THERE are over 7 billion people in the world, and every person is a living, breathing storybook. For me, the dreaded question has always been: ‘Where are you from?’

Sigh, and so it begins. ‘

I’m half Egyptian, not Ancient Egyptian

I’m from London’ (yes, it counts as London if there are red buses). ‘No, I mean where are you actually from?’ You would think I’d said I was from Narnia. ‘Oh, you mean my parents? My dad is Egyptian’. At a predominantly white school, being half-Egyptian meant growing a thick skin. My top three were: ‘Does that mean you call your mum ‘mummy’?’, ‘Do you live in a pyramid?’ and ‘Do you walk like an Egyptian?’ with choreographed in tandem moves. Yes, I call my mum ‘mummy’, I absolutely live at 232 Pyramid Avenue, and I haven’t been able to resist walking without my arms forcibly bent at right-angles since I was born. Playground antics. Then during Freshers’ week, I went to a pub quiz, and one of the questions that stumped my team was about Ancient Egypt. ‘Amirah, you’ll know this one’, she said, minus any indication she was remotely joking. ‘I’m half Egyptian, not Ancient Egyptian’ I said bemused.

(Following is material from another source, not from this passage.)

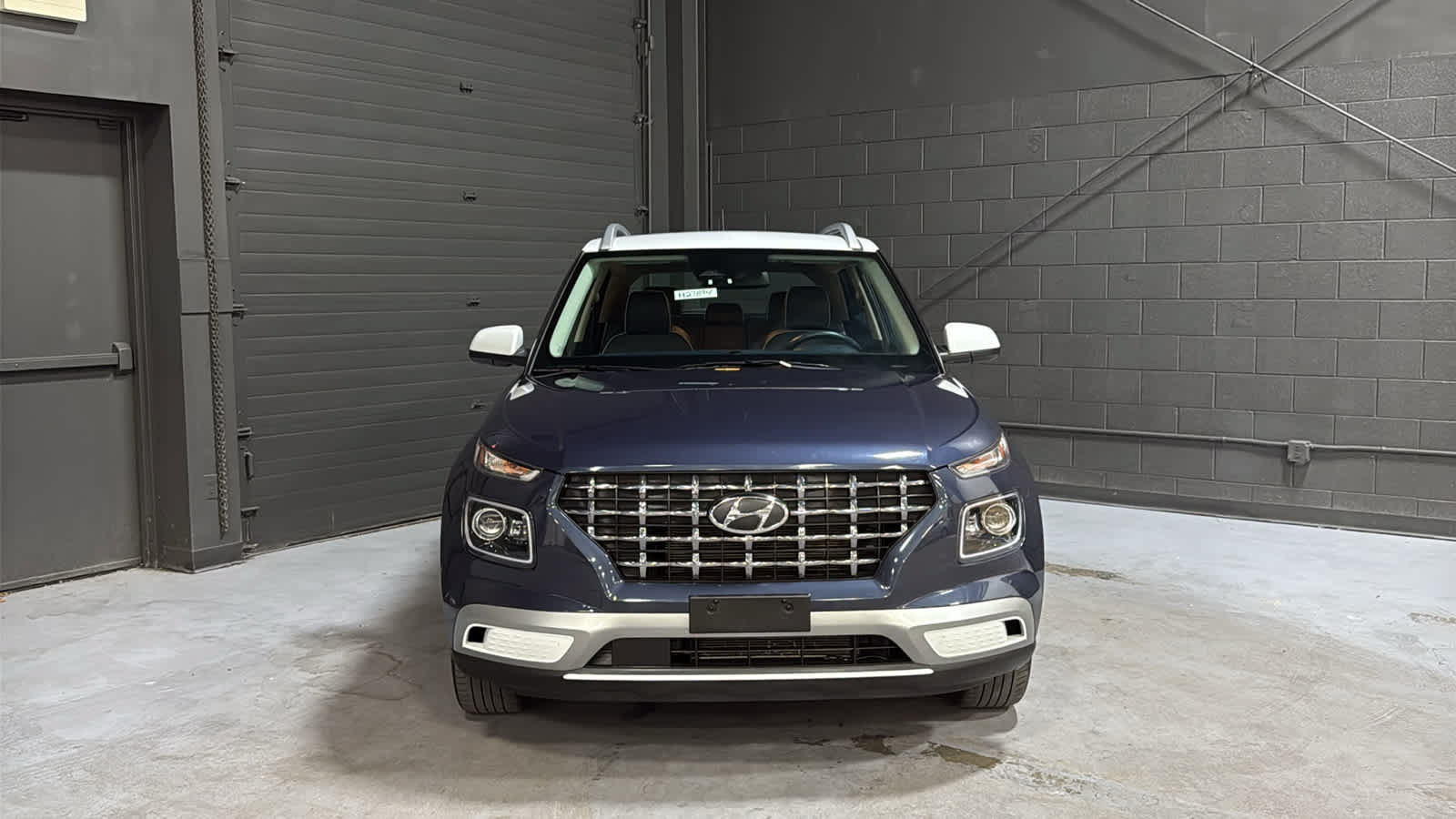 Used 2023 Hyundai Venue Limited w/ Cargo Package FWD image 2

I’ve spent 27 years explaining my hyphenated identity, being a ‘mixed other’ on the monitoring forms, but I’ve always questioned why it even matters. Is the question borne out of curiosity, of the need to assert some form of skin-colour superiority, or to try to neatly fit me into the confines of an ethnic box?

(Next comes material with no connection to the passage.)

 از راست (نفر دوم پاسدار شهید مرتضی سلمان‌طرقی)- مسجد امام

Why is that question so annoying?

It serves to single out certain people based purely on their ‘exotic’ looks, or the fact that their name is ‘unusual’. For example, if you’ve ever been to a new class, and the tutor has asked you to tell a group of complete strangers who you are and where you’re from, it’s inoffensive. But if the only brown person at the table was the only person to be asked ‘Where are you from?’, the motive appears questionable. It’s the unspoken subtext that can cause offence: it becomes an inquisition to define race, and not to identify a person’s origin. Is the question that’s being asked ‘Why aren’t you white?’ The majority of free-thinking liberal people would never be audacious enough to ask that question, but it seems to start from the assumption that the norm is ‘White – British’, and anyone who doesn’t conform needs to explain themselves. Why their English is so good, or not good enough, why they’re not religious if their parents are, and whether they’ve ever been to their parent’s native country. Context is key. Is it curious inquisition, or are the questions asked in a bid to confirm or negate a stereotype you might hold about people from X country, or of Y religion?

Amirah Amirah

Here’s the other thing. I’m a sum total of two diametrically opposing cultures, two different religions, and two different nationalities. I wasn’t born in Egypt. But my upbringing was stricter and tethered towards the Middle Eastern norms and values of my father despite being born in Britain. Between countries in the Middle East, there are differences in custom and culture, and even between nationals of the same country, there will be regional variances. The emphasis placed on my education and my compulsive need to succeed are by-products of what I term the ‘immigrant mentality’: my father has always willed me to take full advantage of the opportunities he never had, and to reach heights that were beyond his grasp in his native Egypt. I’m a product of two halves, but his cultural contribution has defined me. I was born in the UK, raised in the UK, and educated in the UK. I’m ‘British’, but some days, I feel more Egyptian. My passport doesn’t succeed in defining my lineage or real-time fluctuating identity. To ask me where I’m really from fails to consider the prevalence of culture in how I define myself from one day to the next.

I don’t think where you or your parents are from is what defines you. People are complex. Religion has its practices, culture has its customs, and nationality can command patriotism. Heritage does not equate with identity. Likewise, I might be from London, but Manchester is my home.

Taiye Selasi in her TED talk urges us to substitute the question of ‘Where are you from?’ with ‘Where are you a local?’ Identity is all about how you identify yourself. We’re all a collation of our ancestry, our upbringing, where we’ve lived, who we’ve loved and where we’ve worked. We’re all unique and infinitely more complex to neatly fit an answer to ‘Where are you really from?’